Jean anticipe d’emblée notre séparation lorsqu’il me serre chaleureusement la main en commentant : « c’est la dernière fois qu’on vous voit aujourd’hui… enfin, vous revenez en septembre ? »

Il m’annonce ensuite qu’il a changé de cellule suite à l’événement qui a eu lieu cette semaine, à savoir les coups de feu qui ont blessé gravement le surveillant du parloir, alors qu’il se rendait sur son lieu de travail. Il me parle longuement de cet accident m’expliquant : « ce truc là a cassé l’ambiance ».

Il évoque, très amer, la visite d’Elisabeth Guigou, vendredi soir, m’expliquant qu’il n’est pas dupe, qu’elle n’a même pas eu à faire un détours pour ce rendre à la Maison d’arrêt, à peine une halte, puisque chaque vendredi soir à Paris, un jet privé est affrété pour chaque ministre, qui rentre ainsi dans sa circonscription d’origine : « elle s’est juste arrêtée avant de repartir à Avignon… le monde de la politique est plus pourri que celui de la prison… les autres sphères sont dirigées par X et ses quarante voleurs… il n’y pas d’égalité chez nous… Je m’occupe beaucoup de l’actualité et je m’amuse à faire des prévisions… je vois mal l’avenir… car on est en période relativement calme… ça annonce la tempête… », et s’adressant soudain à moi : « vous avez de la chance, vous, vous avez un métier relationnel ».

Il poursuit en me rappelant qu’il m’avait parlé d’un rapport sur les prisons qu’il souhaitait me prêter mais qu’il a confié à un détenu qui ne le lui a pas rendu ; il peste un instant contre ce dernier, semblant vraiment très déçu de ne pouvoir me remettre ce document.

Changeant encore de sujet, Jean fait ce constat : « vous récupérez vraiment la crème dans cet atelier d’écriture ! «.Son ton semble presque le déplorer.
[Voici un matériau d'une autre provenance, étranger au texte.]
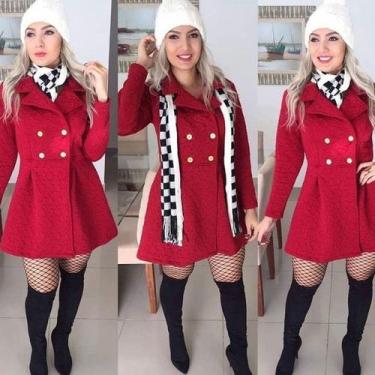 Imagem de Sobretudo Feminino Manga Longa Casaco Com Saia Rodada - Hot Desconto, 
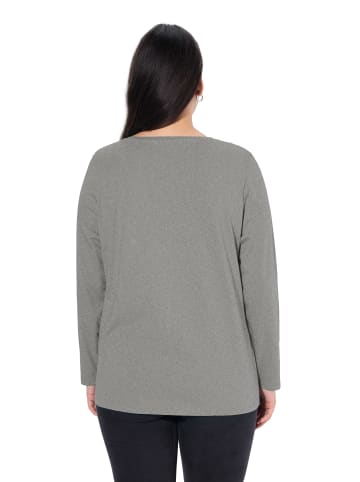 Ulla Popken Shirt in hellgrau mélange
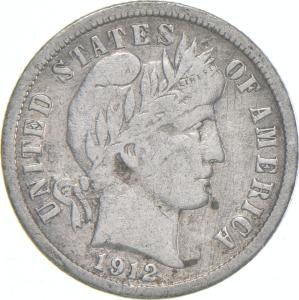 1912-S Barber Dime 90% Silver Coin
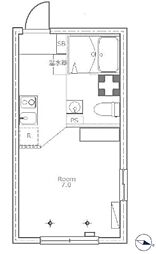たすきCRASSO都立大学A棟 ワンルームの間取図画像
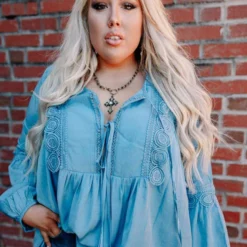 D & J Industries Circle Of Love Top - Royal Blue Tops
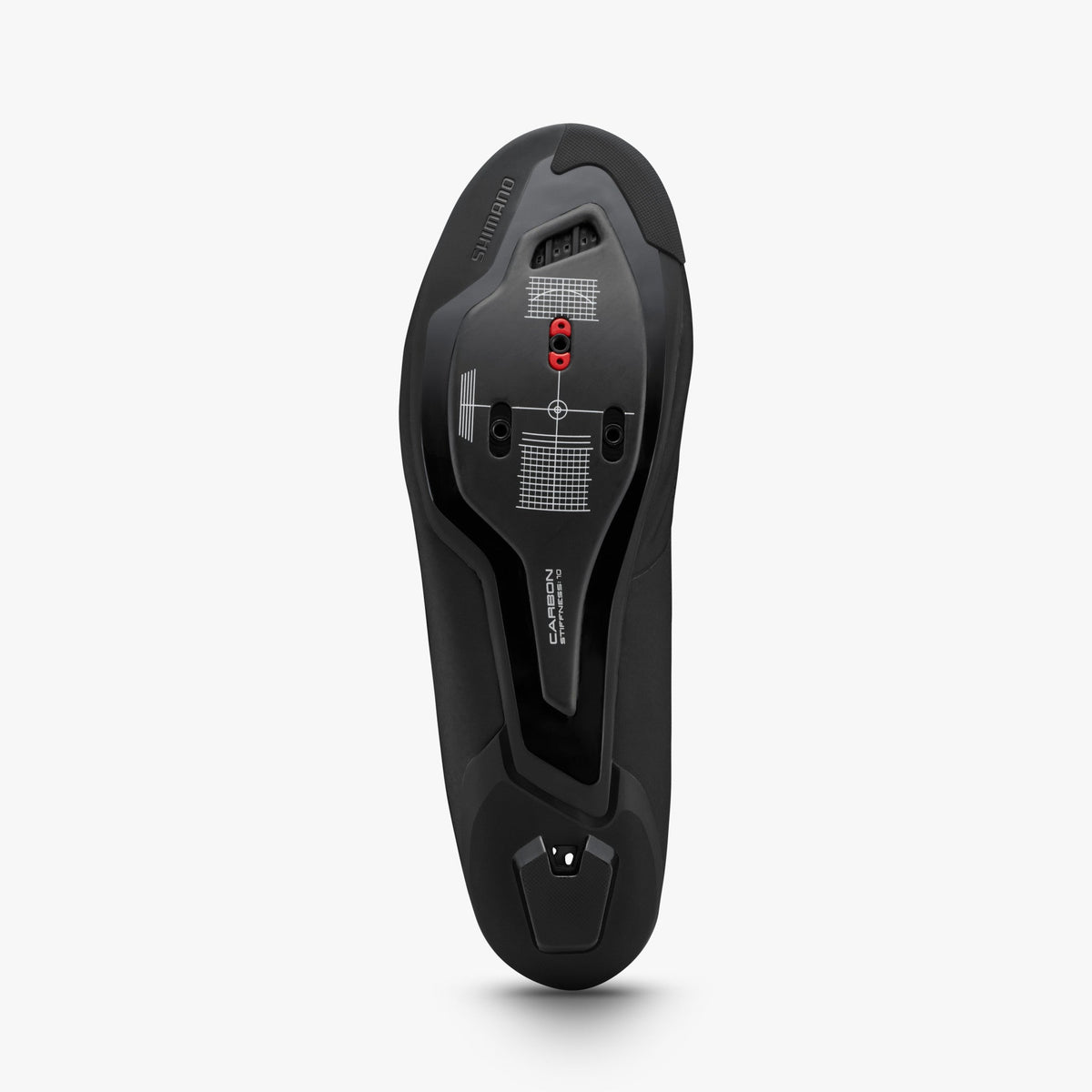 Shimano RC703 black cycling shoe sole view showing carbon stiffness plate and cleat mount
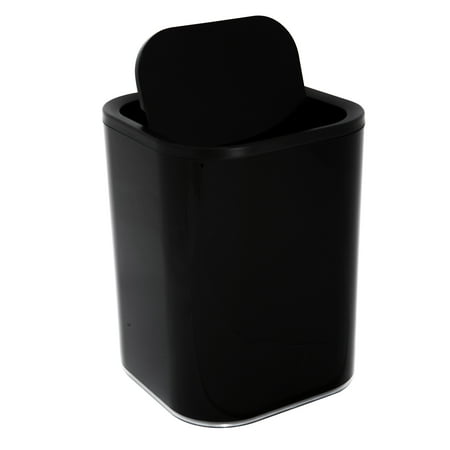Bath Bliss 2.1 Gallon Acrylic Bathroom Trash Can in Black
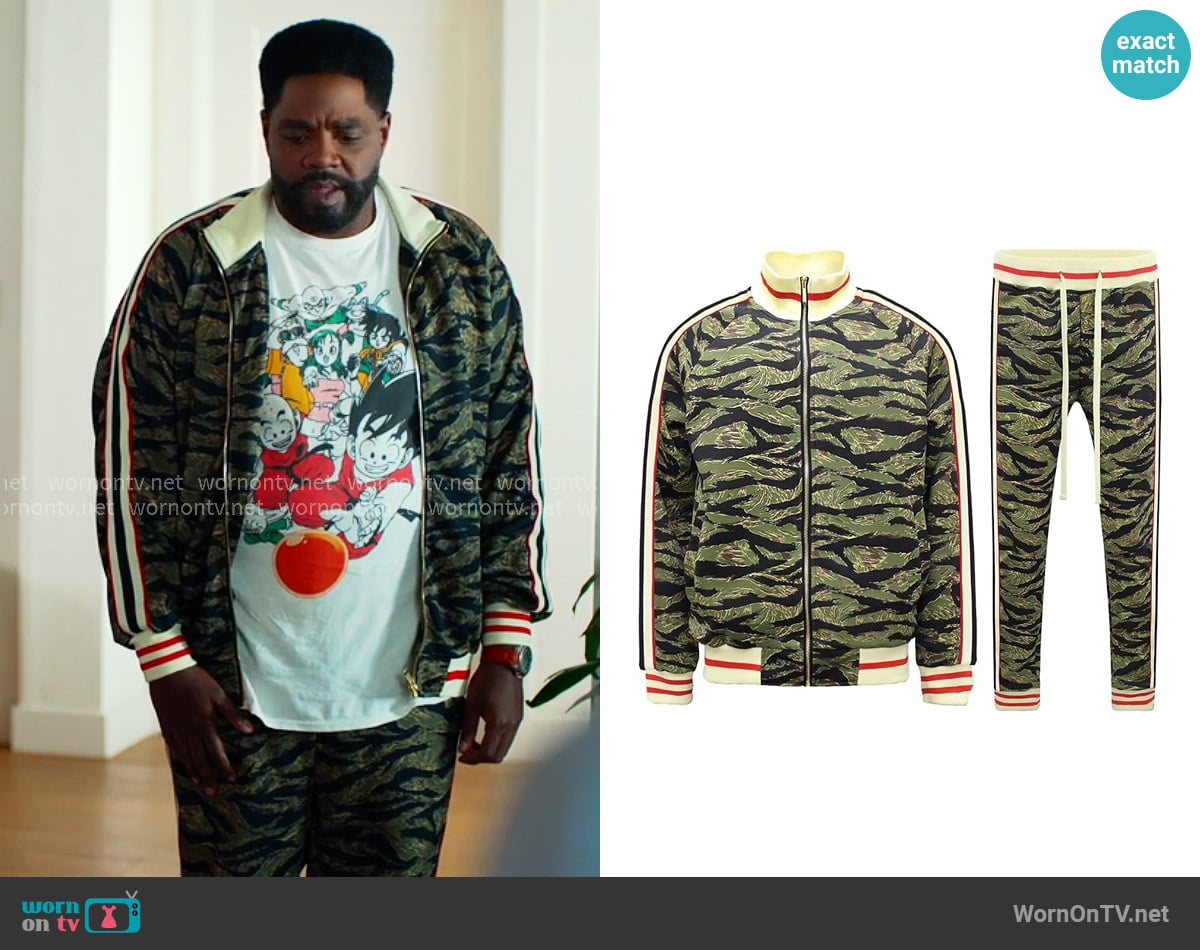 G-Style USA Track Suit Set in Tiger Camo worn by Howard (Ron Funches) on Loot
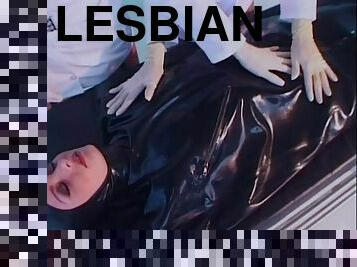 A blonde and a brunette play with a fucking machine in lesbian vid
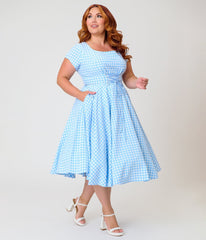 Banned Plus Size Sky Blue Gingham Lola Swing Dress
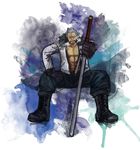  1boy abs boots character_name cigar full_body fur_trim gloves jacket jitte looking_at_viewer male male_focus marine muscle one_piece open_clothes open_jacket sitting smoker smoking solo splatter weapon white_hair 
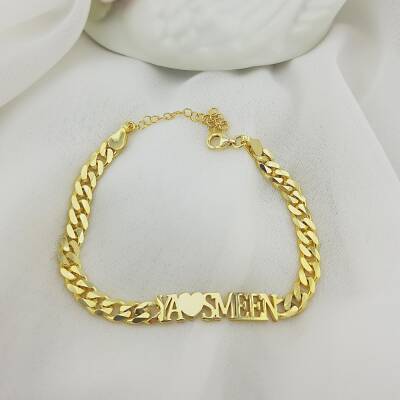 Kalın Lazer Kesim Gümüş İsimli Bileklik - 2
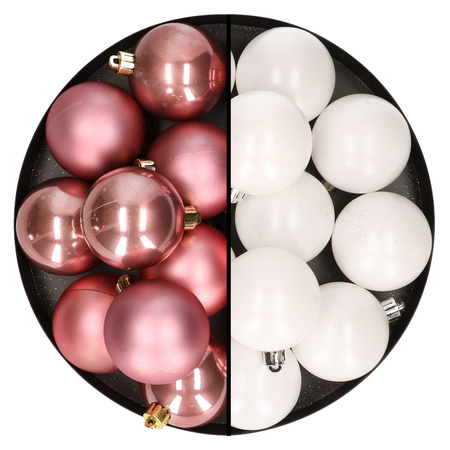 24x pcs plastic christmas baubles mix of velvet pink and white 6 cm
Et comme je lui demande de préciser sa pensée, il poursuit : « y a des gens qui sont révoltés contre tout, ici… des durs… ce sont des faciles que vous avez eu… il faudrait mieux expliquer ce que c’est cet atelier d’écriture… pour la prochaine fois… ils n’ont pas compris… ils ont cru que c’était pour apprendre à écrire… il faut tout leur expliquer… Le jour où je m’y mettrai à l’écriture… il me faudra de l’encre et du vinaigre ! »

Après un silence, Jean m’avoue : « Vous allez nous manquer pendant ce mois d’août ! », puis comme pour lui même, s’essaye à déterminer quelle pourrait être ma personnalité ; il me propose quelques traits de caractère, mais comme je me contente de sourire sans répondre, il n’insiste pas et se contente d’ajouter : « on pense à vous la semaine… c’est l’avantage … », et de conclure abruptement : « à propos de relationnel… je vous laisse maintenant, je dois aller faire du courrier pour d’autres détenus… parce que l’orthographe ça n’existe pas ici ».

C’est à mon tour, cette fois-ci de me sentir un peu vexée du congé qu’il me donne. Lui, qui d’habitude manifeste tant de plaisir à parler en prenant son temps et qui a du mal à s’arrêter, a préféré devancer ma formule de congé.